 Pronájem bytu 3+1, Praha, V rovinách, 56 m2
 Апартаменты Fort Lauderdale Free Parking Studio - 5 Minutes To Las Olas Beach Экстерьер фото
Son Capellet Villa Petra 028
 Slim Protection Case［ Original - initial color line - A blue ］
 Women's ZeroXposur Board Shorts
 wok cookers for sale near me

* * *

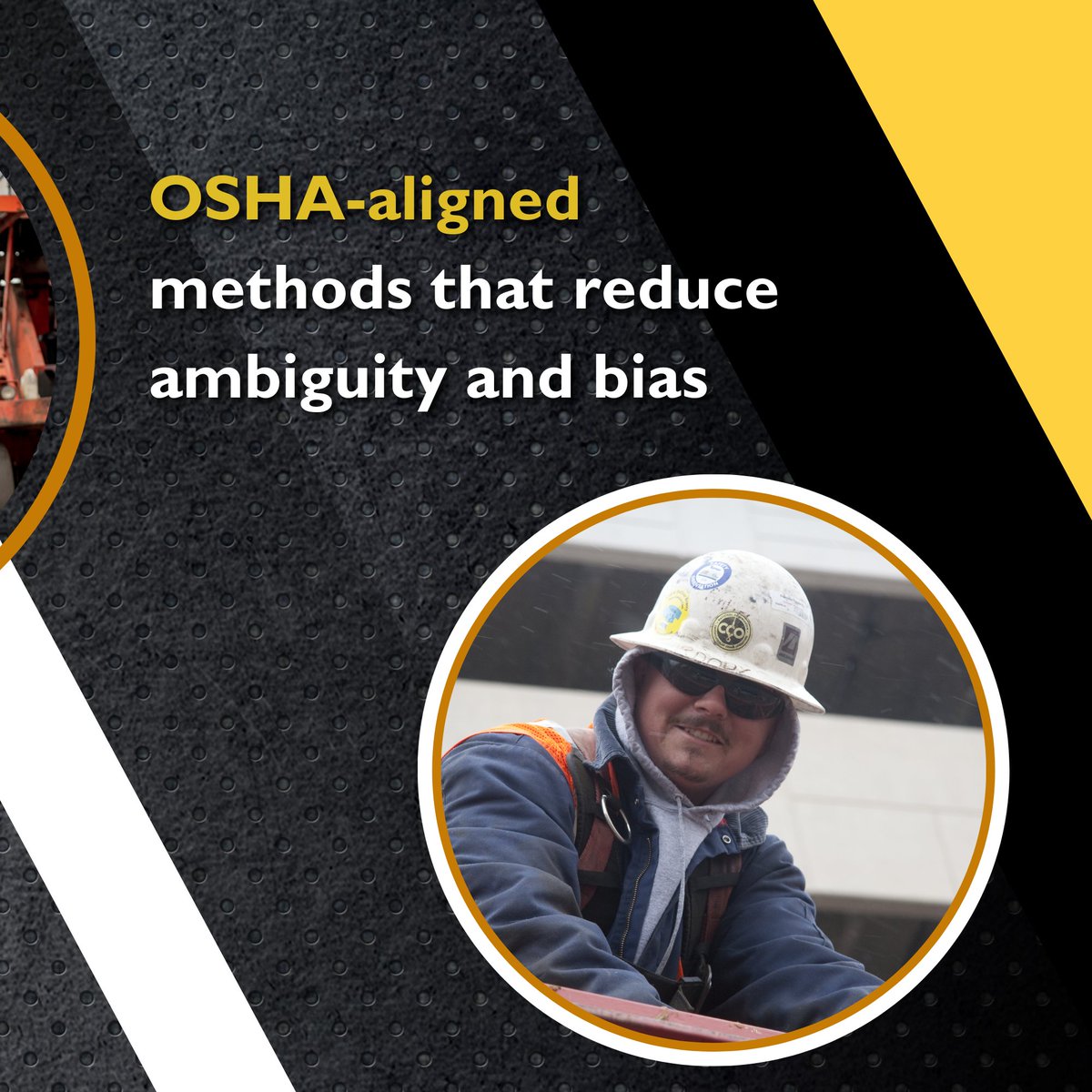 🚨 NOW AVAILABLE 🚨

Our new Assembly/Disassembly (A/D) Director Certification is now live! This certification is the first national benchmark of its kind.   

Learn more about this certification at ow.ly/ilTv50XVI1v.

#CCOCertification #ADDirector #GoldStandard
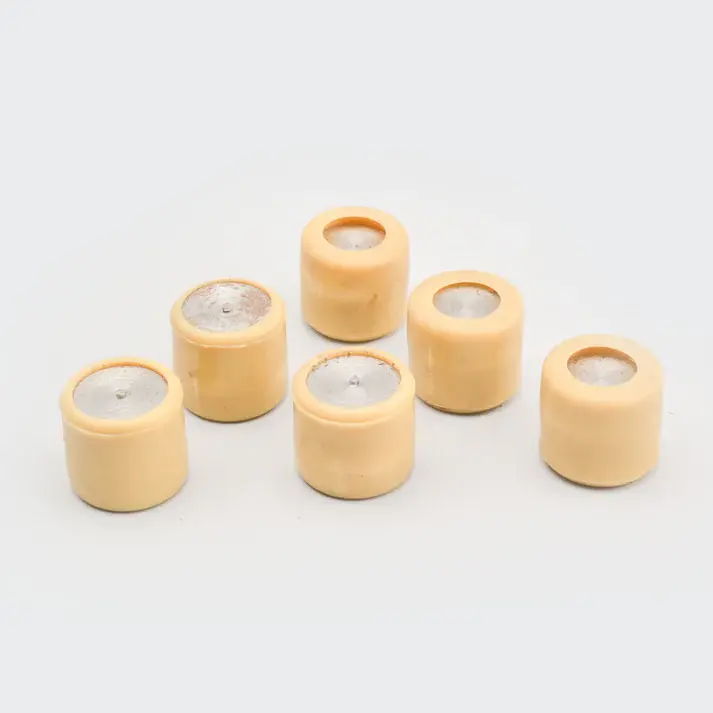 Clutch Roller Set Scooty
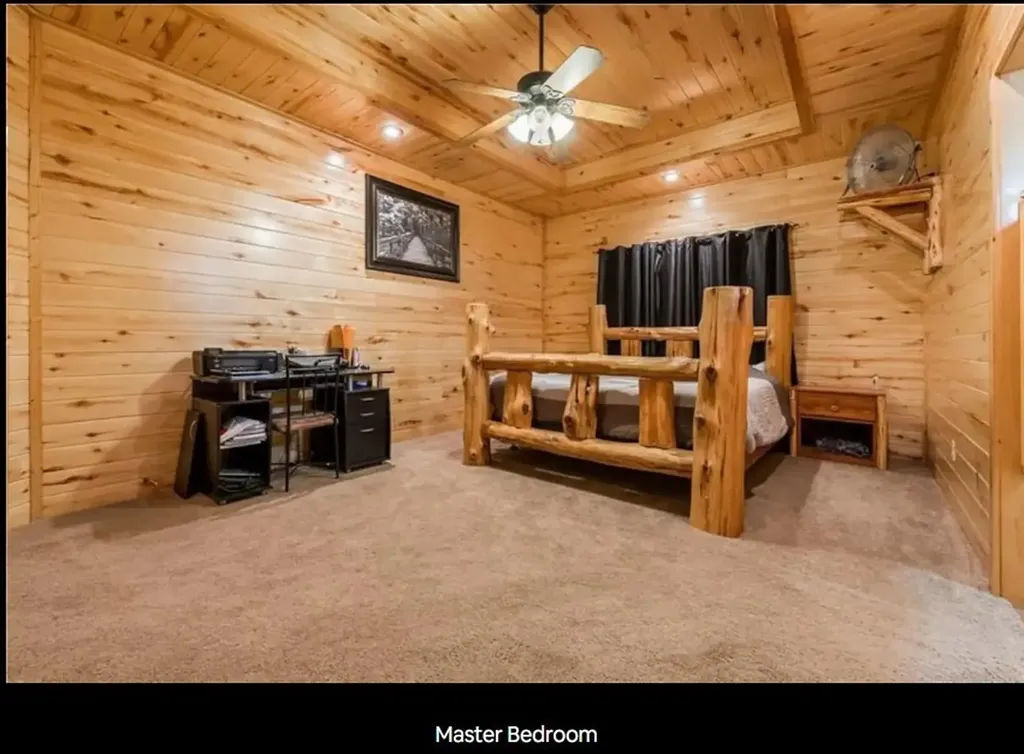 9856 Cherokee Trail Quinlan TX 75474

...

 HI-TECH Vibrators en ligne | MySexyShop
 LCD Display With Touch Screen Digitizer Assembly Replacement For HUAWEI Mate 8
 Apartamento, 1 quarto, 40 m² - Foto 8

REQUIRED WORK. Look over the material above and report each line holding "Assembly".

WRITTEN ANSWER.
Our new Assembly/Disassembly (A/D) Director Certification is now live! This certification is the first national benchmark of its kind.   
 LCD Display With Touch Screen Digitizer Assembly Replacement For HUAWEI Mate 8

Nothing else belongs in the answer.